TASK DESCRIPTION:
In your copy, include every record exactly and no pictures.

TASK DATA:
+ + +

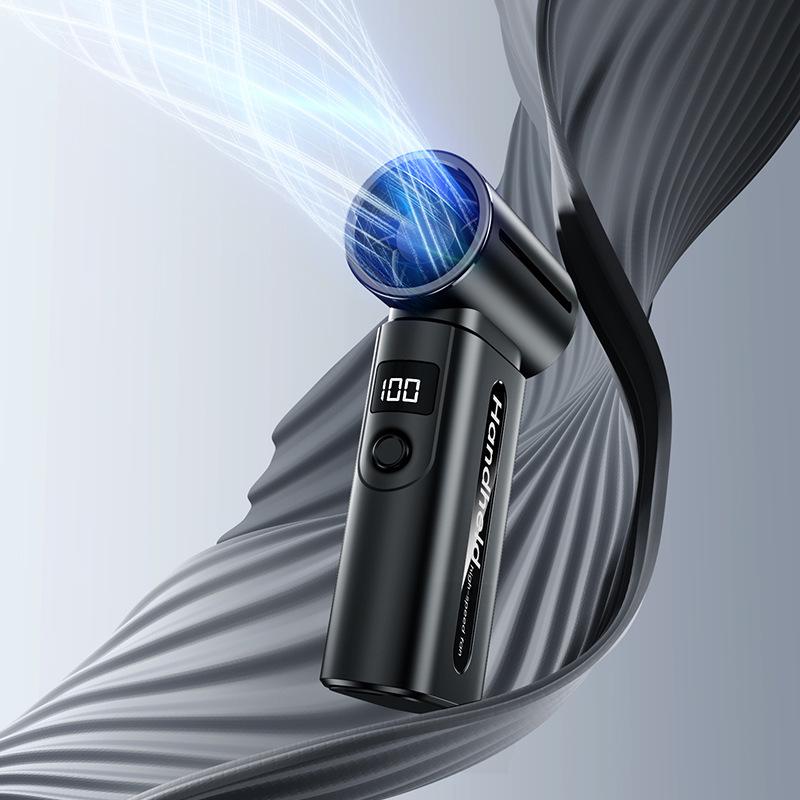 

Portable USB Rechargeable Fan with Digital Display, 100-Speed Stepless Regulation, and High Wind Power for Outdoor Use 36.5*52*122 mm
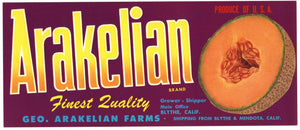 Arakelian Brand Vintage Blythe California Cantaloupe Crate Label, melon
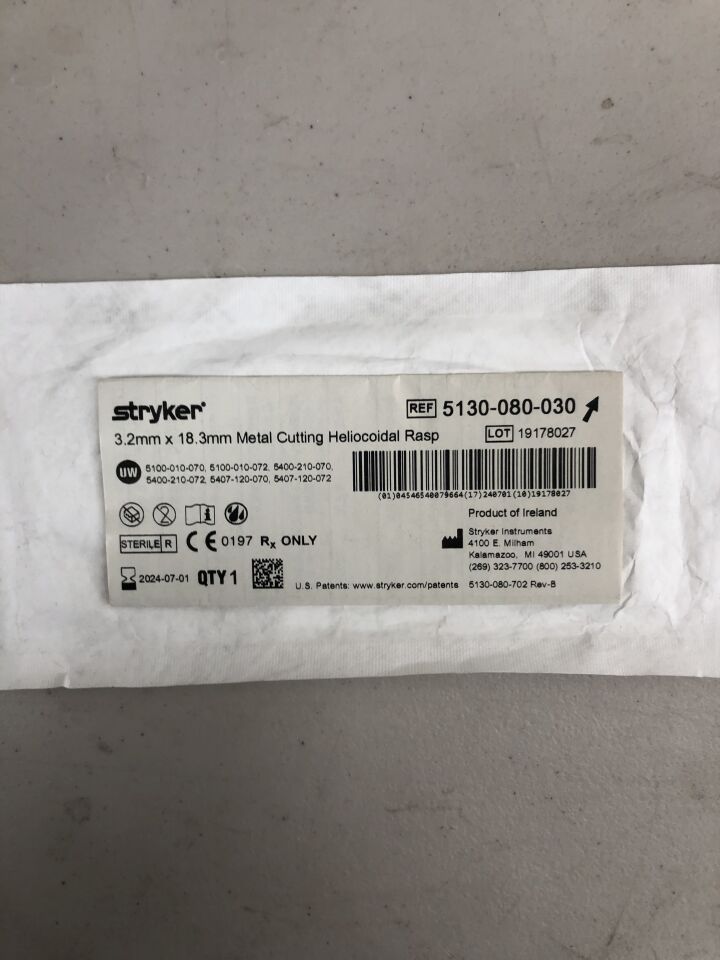 5130-080-030 - STRYKER - Heliocoidal Rasp, Long, 3.2 dia. x 18.3 mm Head Length, (EA) - ( Expiry Date: 2024-07-01 )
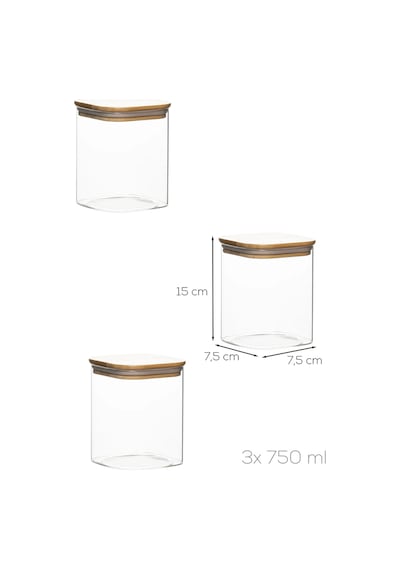 Porsima 5-3 Bambu Vakumlu Kapaklı Kare Borsilikat Cam 3lü Kavanoz Seti Saklama Kabı 750ml 7,5x15cm Ahşap - Şeffaf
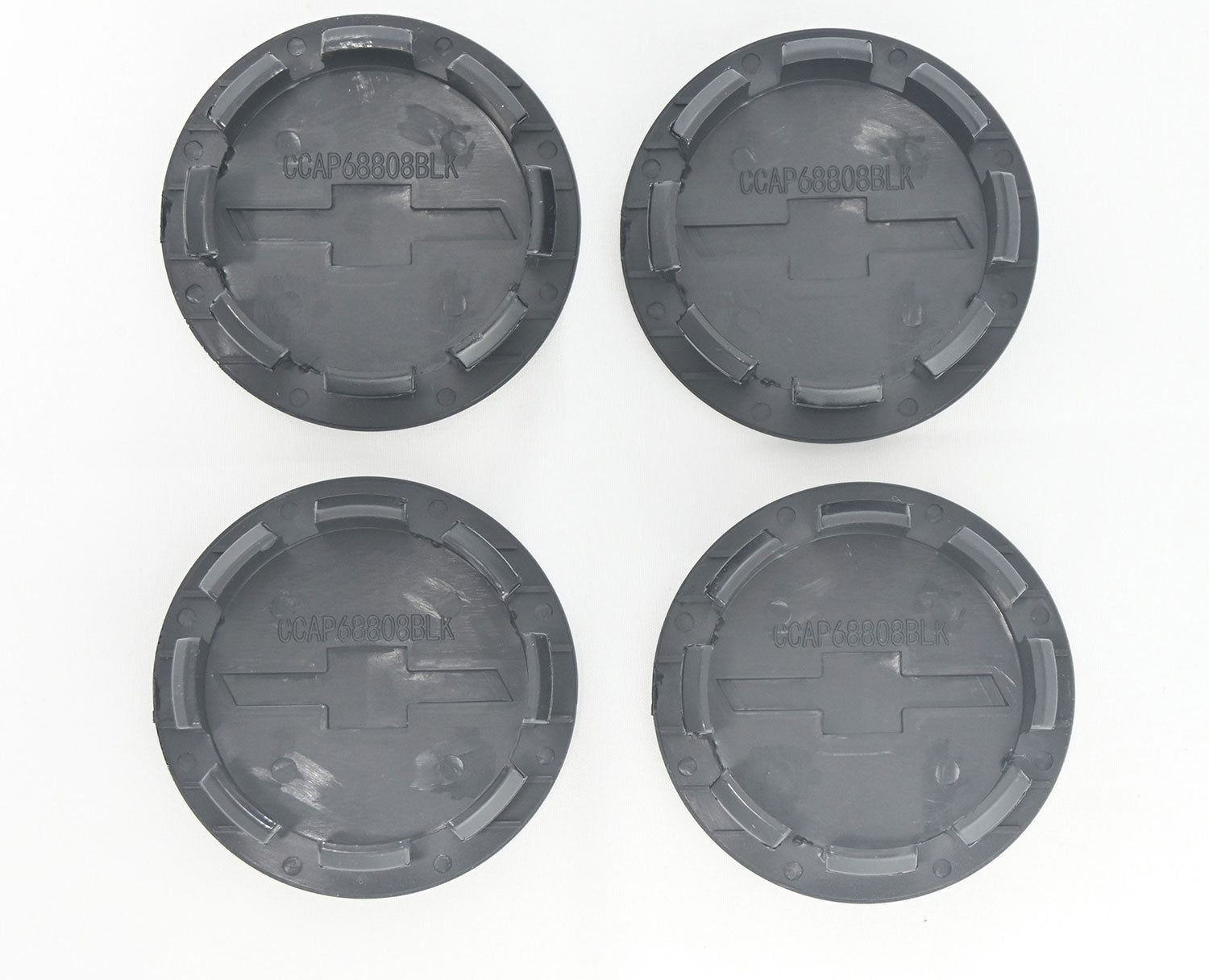 2013-2023 Chevrolet Traverse Licensed Wheel Cap Emblem Set Gloss Black 4Pcs ABS Plastic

+ + +

RESPONSE TO THIS TASK:
Portable USB Rechargeable Fan with Digital Display, 100-Speed Stepless Regulation, and High Wind Power for Outdoor Use 36.5*52*122 mm
 Arakelian Brand Vintage Blythe California Cantaloupe Crate Label, melon
 5130-080-030 - STRYKER - Heliocoidal Rasp, Long, 3.2 dia. x 18.3 mm Head Length, (EA) - ( Expiry Date: 2024-07-01 )
 Porsima 5-3 Bambu Vakumlu Kapaklı Kare Borsilikat Cam 3lü Kavanoz Seti Saklama Kabı 750ml 7,5x15cm Ahşap - Şeffaf
 2013-2023 Chevrolet Traverse Licensed Wheel Cap Emblem Set Gloss Black 4Pcs ABS Plastic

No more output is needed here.